:: Entries shown ::

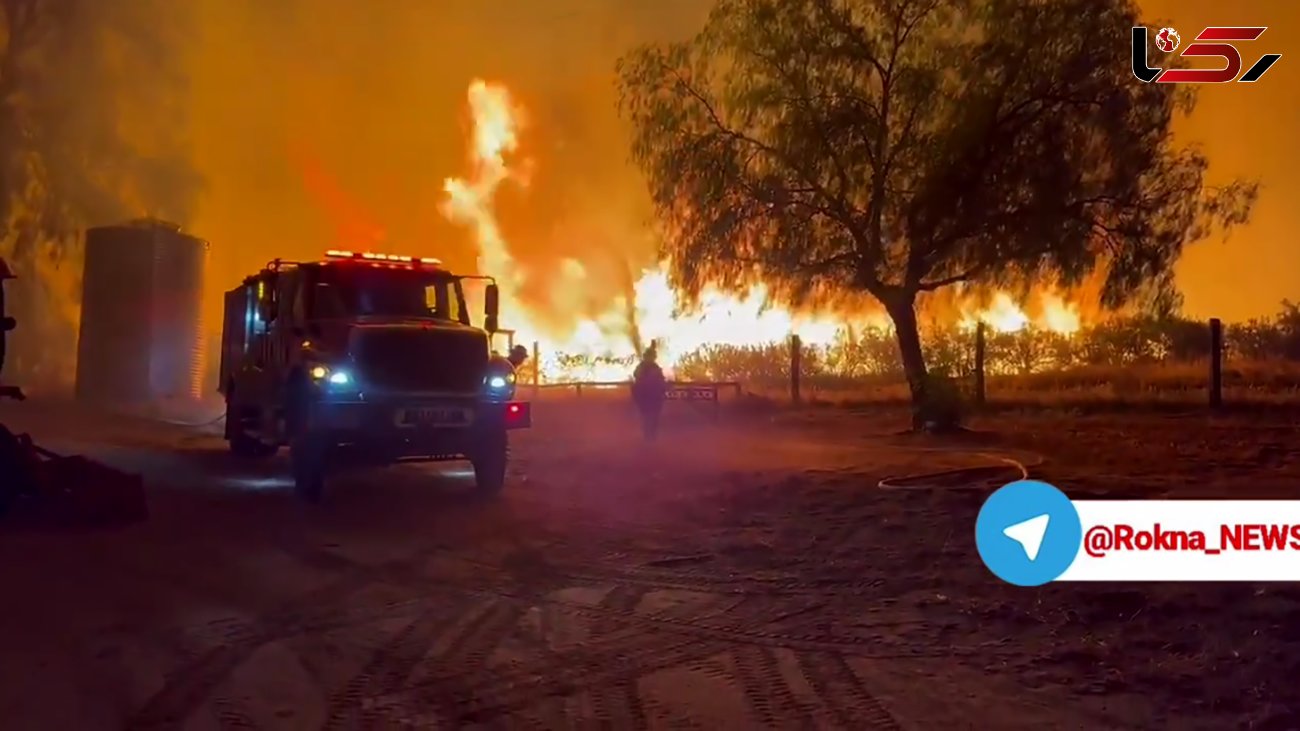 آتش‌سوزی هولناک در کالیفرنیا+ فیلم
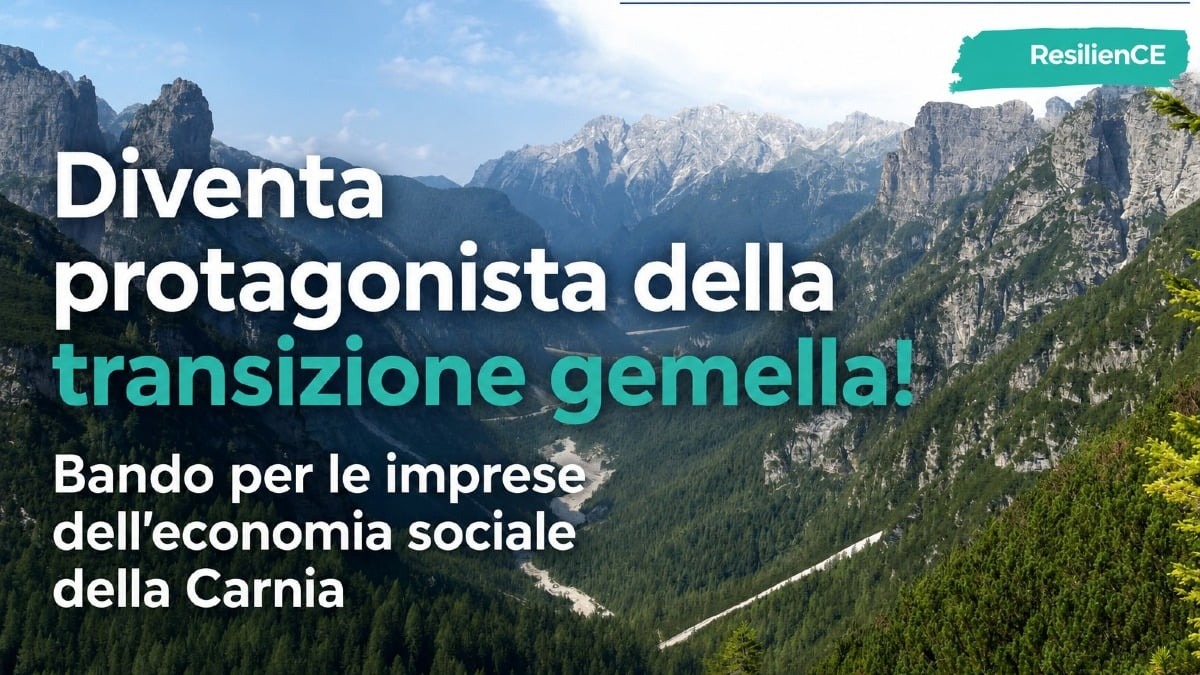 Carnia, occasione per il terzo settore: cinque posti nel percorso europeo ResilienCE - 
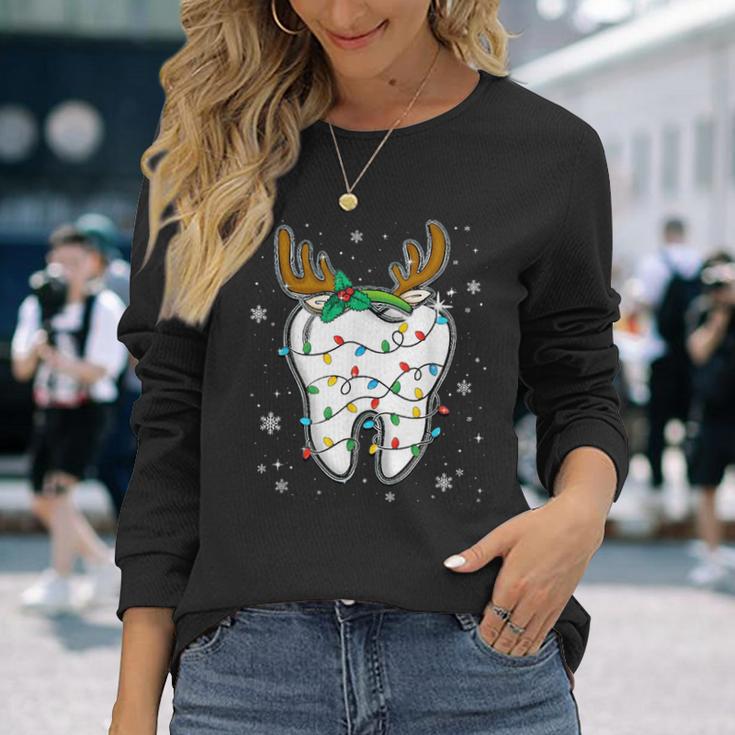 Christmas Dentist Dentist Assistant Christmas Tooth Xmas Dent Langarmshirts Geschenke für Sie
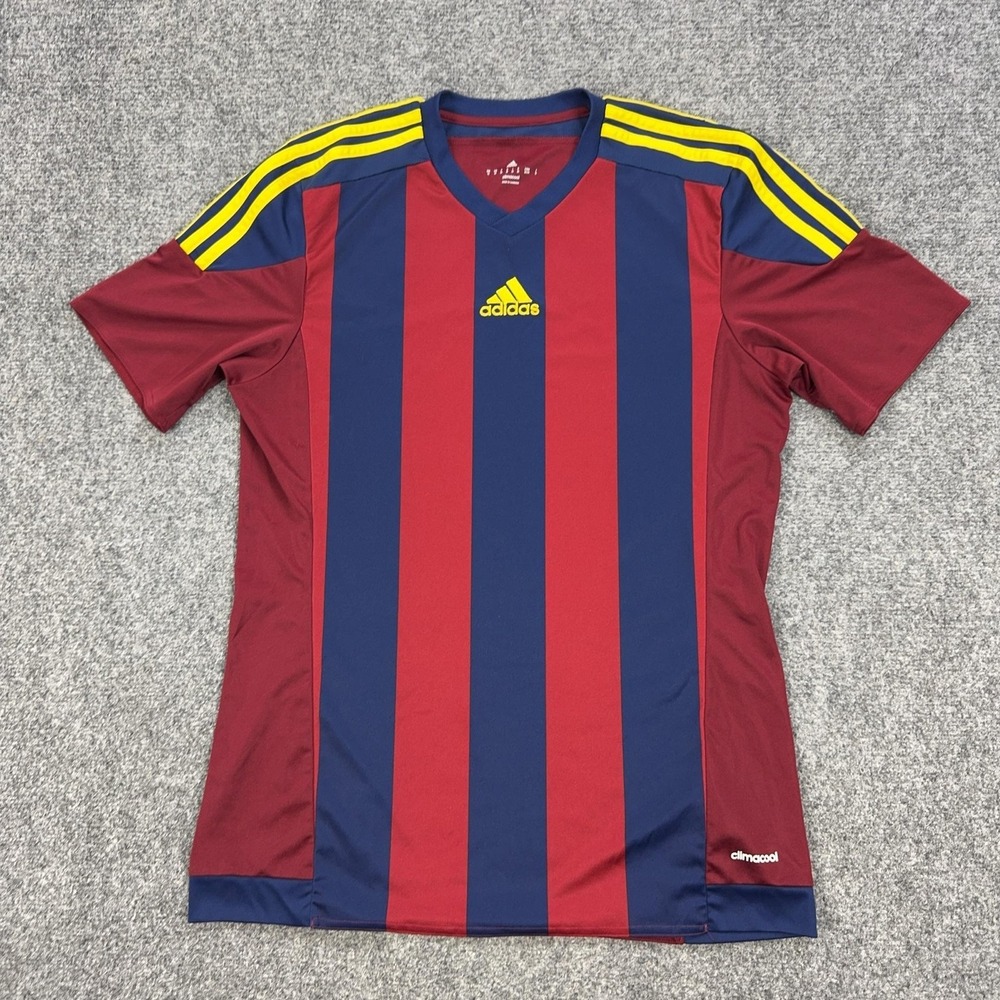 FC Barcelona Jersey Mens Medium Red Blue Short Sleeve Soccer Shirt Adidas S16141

:::
:: Entries shown ::

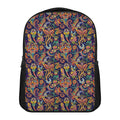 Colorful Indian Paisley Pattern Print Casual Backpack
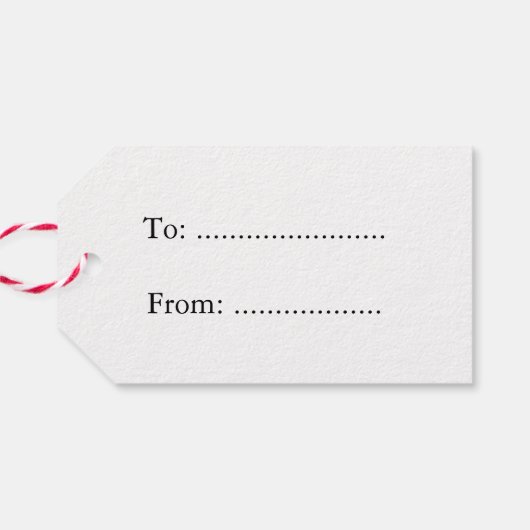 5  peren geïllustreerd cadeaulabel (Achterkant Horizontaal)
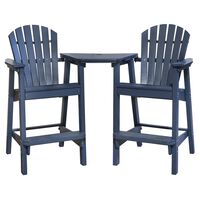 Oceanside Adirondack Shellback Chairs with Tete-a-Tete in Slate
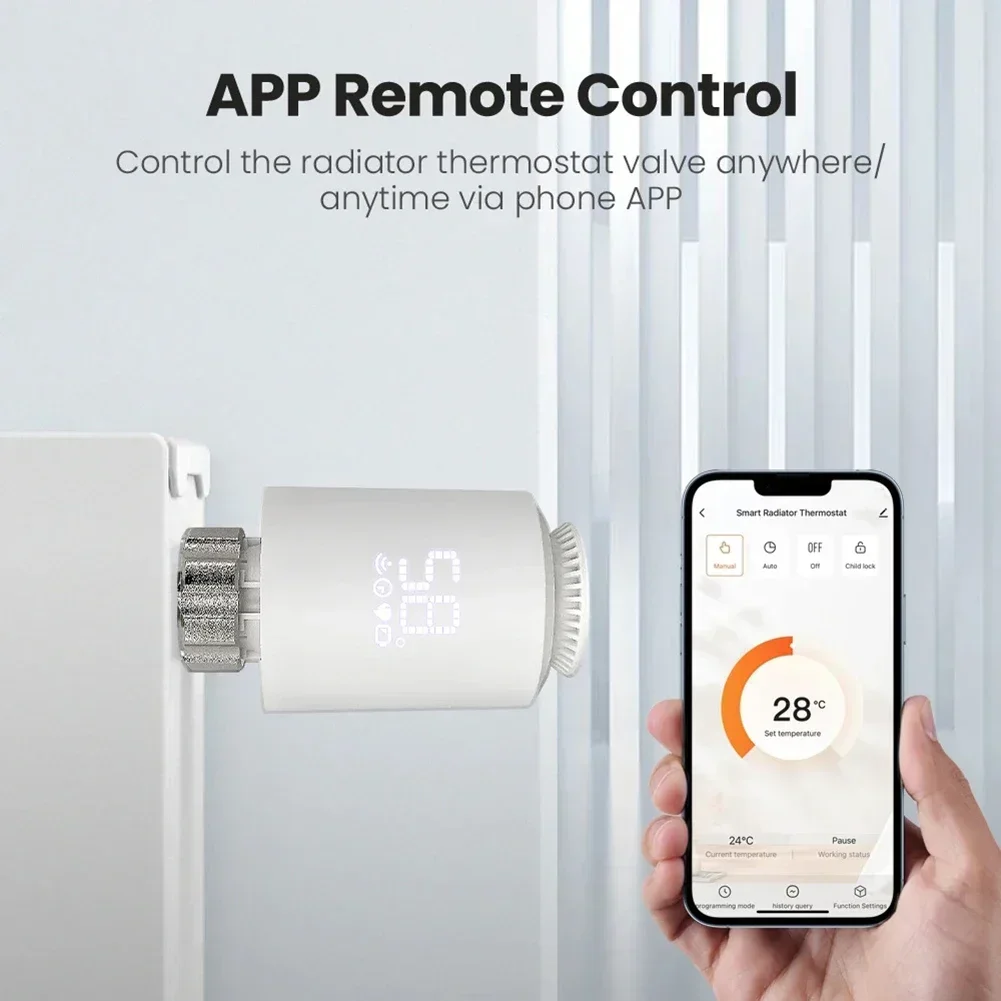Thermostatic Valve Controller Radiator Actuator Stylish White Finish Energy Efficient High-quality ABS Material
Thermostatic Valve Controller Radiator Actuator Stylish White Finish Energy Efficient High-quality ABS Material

:::
:: Entries shown ::

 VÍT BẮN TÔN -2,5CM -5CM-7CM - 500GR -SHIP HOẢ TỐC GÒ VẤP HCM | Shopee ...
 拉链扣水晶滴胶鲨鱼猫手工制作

:::

In the entries above, find the line that contains "Christmas Dentist Dentist" and the line that contains "FC Barcelona Jersey". Reproduce exactly those two lines and every line between them, but not the pictures.

## Solution to the problem:
 Christmas Dentist Dentist Assistant Christmas Tooth Xmas Dent Langarmshirts Geschenke für Sie
 FC Barcelona Jersey Mens Medium Red Blue Short Sleeve Soccer Shirt Adidas S16141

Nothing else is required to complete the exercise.